»»

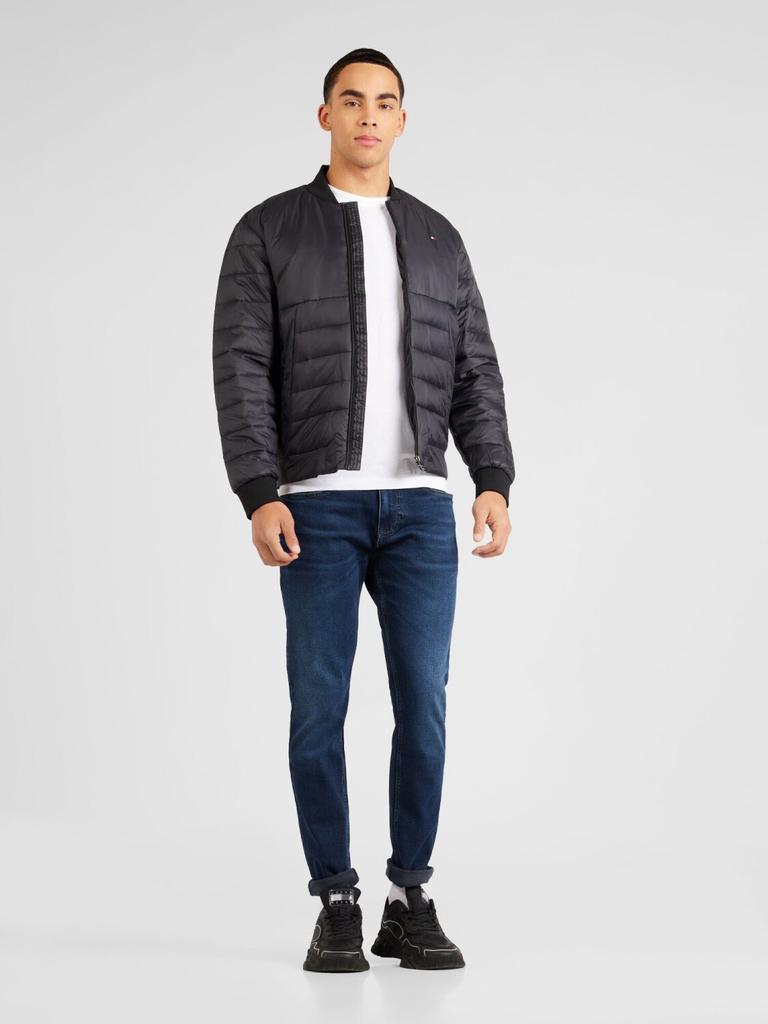 Зимняя куртка Tommy Hilfiger Water Repellent Packable Quilted Bomber Jacket (MW0MW33731) черный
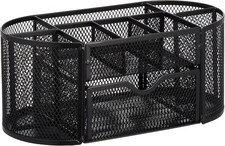 Mesh Desk Organizer with Pen Holder, Pullout Drawer and Office Caddy Storage, 9.
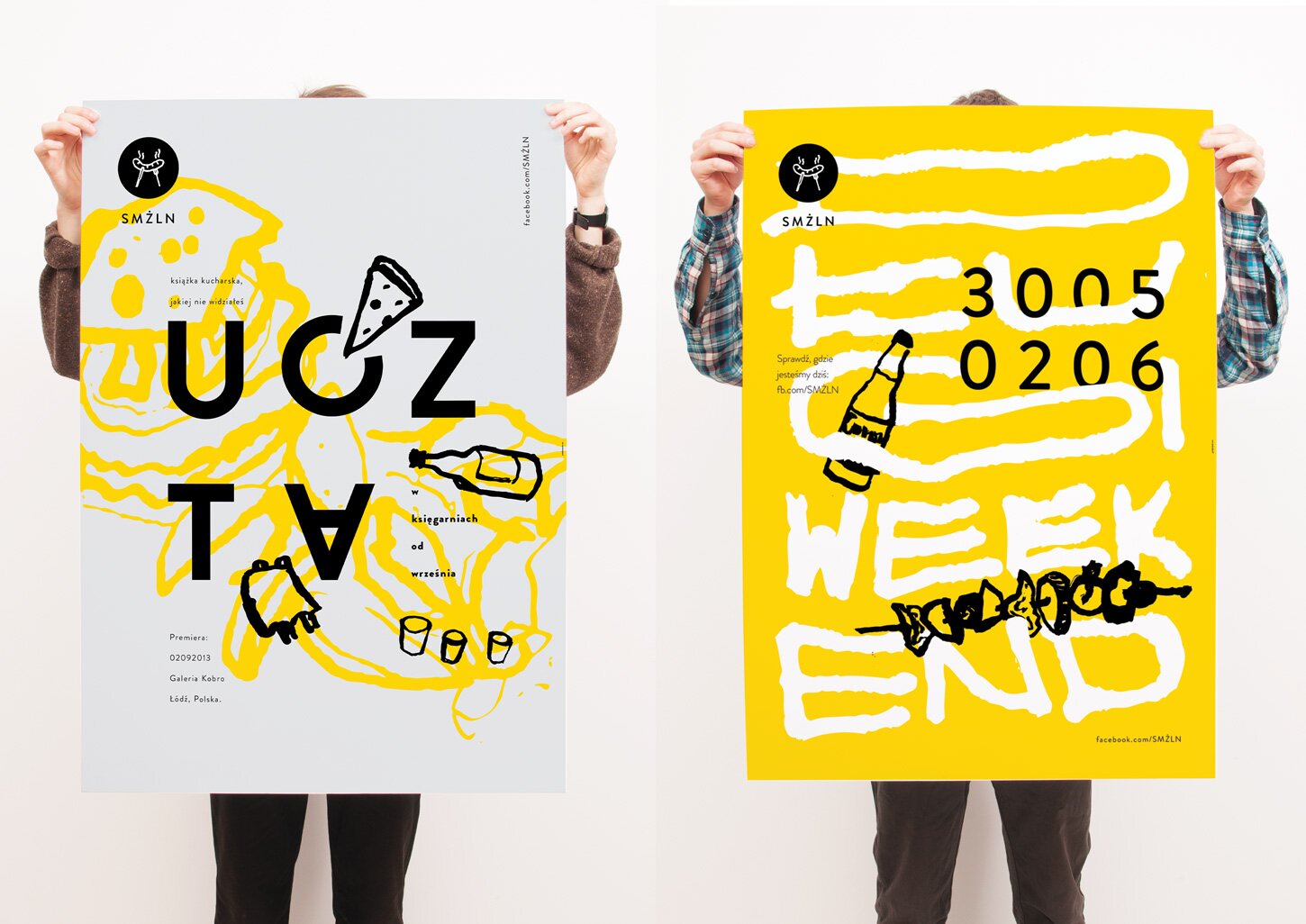 Photography of two people holding printed posters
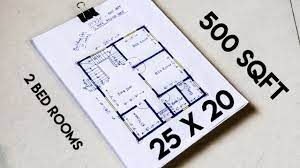 25 x 20 sqft house plan ii 500 sqft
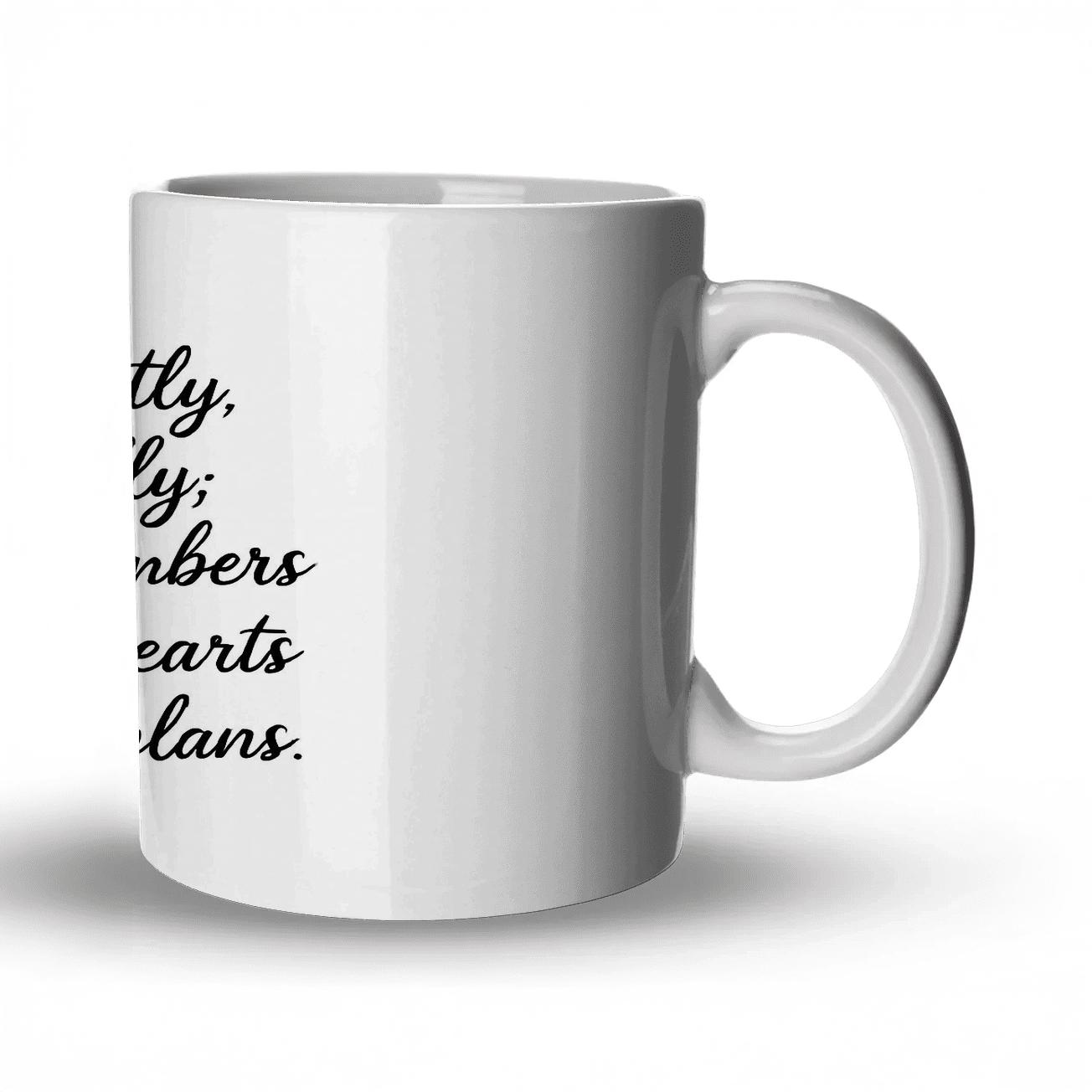 Disciplined Daring Plans personalized mugs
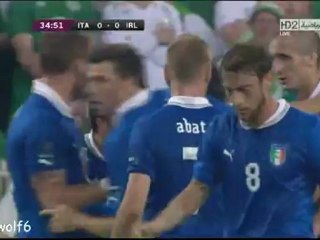 Cassano Goal Against Ireland - Euro 2012 - 18-6-2012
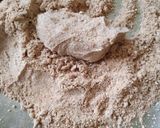 A picture of step 3 of Red rice and jaggery anarse.
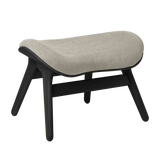 Pouf Conversation - Black Oak — White sands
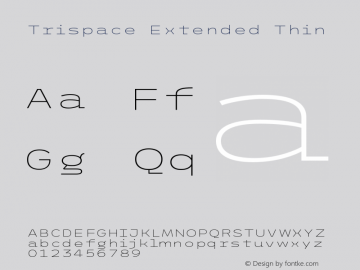 Trispace Extended Thin Version 1.005;hotconv 1.0.109;makeotfexe 2.5.65596图片样张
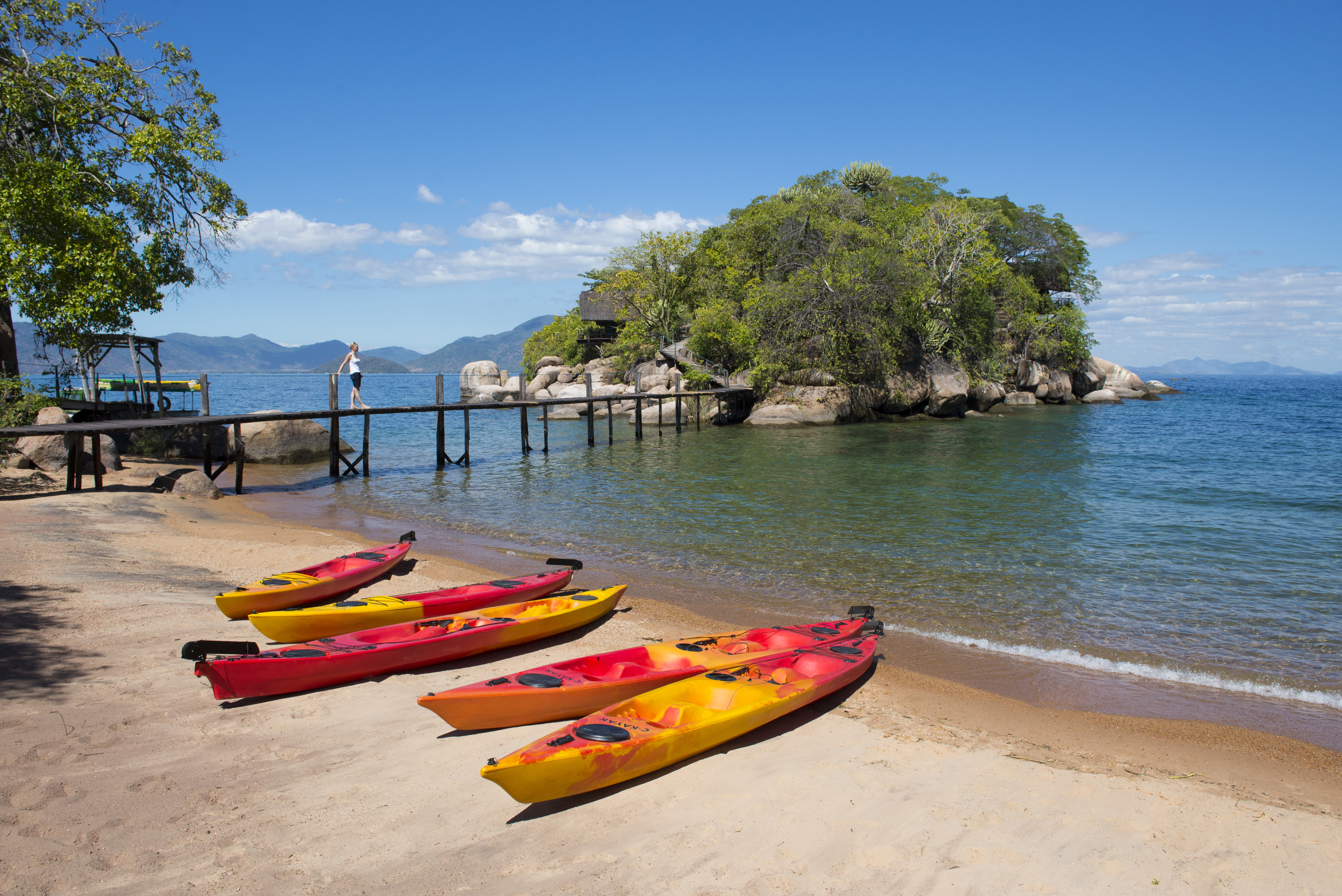 Mumbo Island Lodge Malawi Kayak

««

Exercise: Every line between the one containing "25 x 20 sqft house plan ii 500 sqft" and the end of the listing, both included, needs to be retyped exactly, minus the pictures.

Response area:
 25 x 20 sqft house plan ii 500 sqft
 Disciplined Daring Plans personalized mugs
 Cassano Goal Against Ireland - Euro 2012 - 18-6-2012
 A picture of step 3 of Red rice and jaggery anarse.
 Pouf Conversation - Black Oak — White sands
 Trispace Extended Thin Version 1.005;hotconv 1.0.109;makeotfexe 2.5.65596图片样张
 Mumbo Island Lodge Malawi Kayak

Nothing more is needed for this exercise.